Study design and study site
The study was conducted from November 2006 to January 2007 at the end of the rainy season, in the primary health care center of Anonkoua-kouté, 10 kms from Abidjan. This health care center is located in a crowded sub-urban area with holoendemic P. falciparum transmission.
This trial was a randomized single-blinded clinical trial.
Inclusion criteria were the following: (1) six months old or more; (2) P. falciparum monoinfection with parasitaemia level of 2,000 – 200,000 asexual parasites/μl of blood; (3) axillary temperature equal or over 37.5°C at the time of enrolment or history of fever during the preceding 24 h; (4) no history of serious side effects to study medications; (5) no evidence of concomitant febrile illness; (6) provision of written informed consent by the participant or by a parent or guardian (for children).
Exclusion criteria were as follows: (1) symptoms and/or signs of severe malaria; (2) any danger sign (persistent vomiting; inability to sit, stand, drink or breastfeed; (3) recent history of convulsions and/or lethargy or otherwise impaired consciousness; (4) haemoglobin concentration ≤ 6 mg/dl; (5) serious underlying disease or known allergy to the study drugs.
Participants were also excluded after randomization, if they repeatedly vomited their first dose of study medications.

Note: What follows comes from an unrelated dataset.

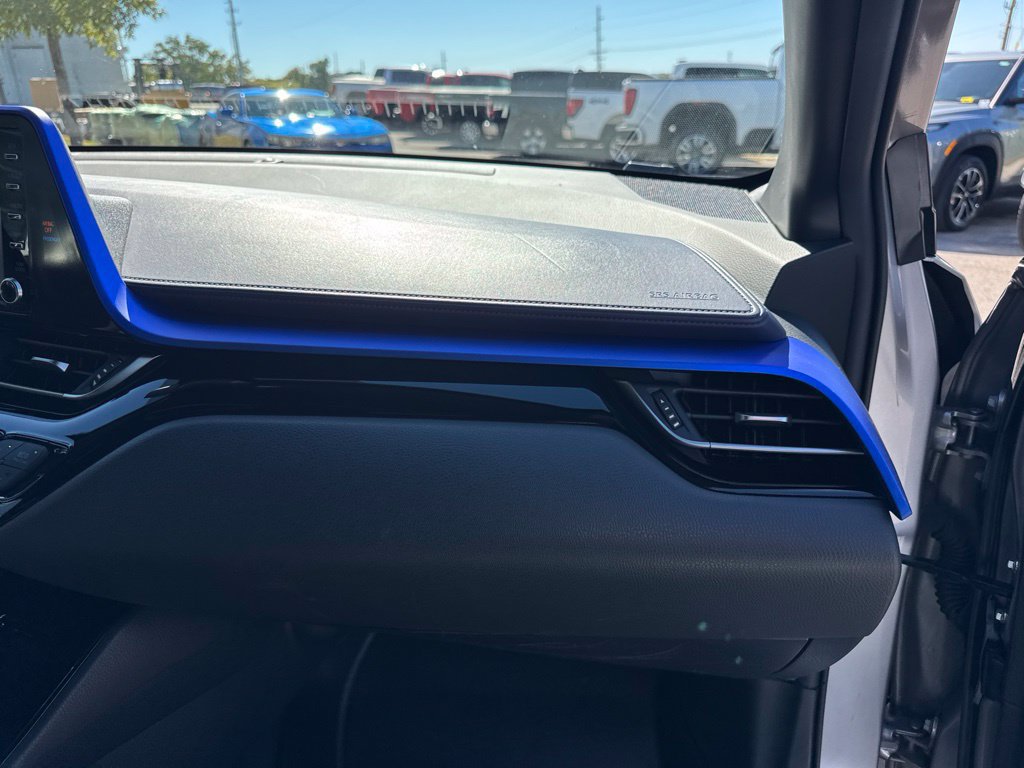 Used 2020 Toyota C-HR XLE FWD image 16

The sample size for the study was calculated based on the assumptions that day 28 PCR-corrected cure rates for the ACTs will not be less than 95%, and that the cure rate for either AN or AL will not be less than 85%. At 95% confidence interval, 80% power, and a sample ratio of 1:1, the required sample per arm was 49. Allowing for a dropout rate of 10%, a minimum of 55 participants were to be recruited for each arm of the study.
Treatments and randomization
Participants recruited into the study were allocated to two treatment groups using a computer generated random list based on a simple random selection procedure without the use of blocking or stratification by an off-site investigator.
Sequentially numbered, sealed envelopes containing the treatment group assignments were prepared from the randomization list.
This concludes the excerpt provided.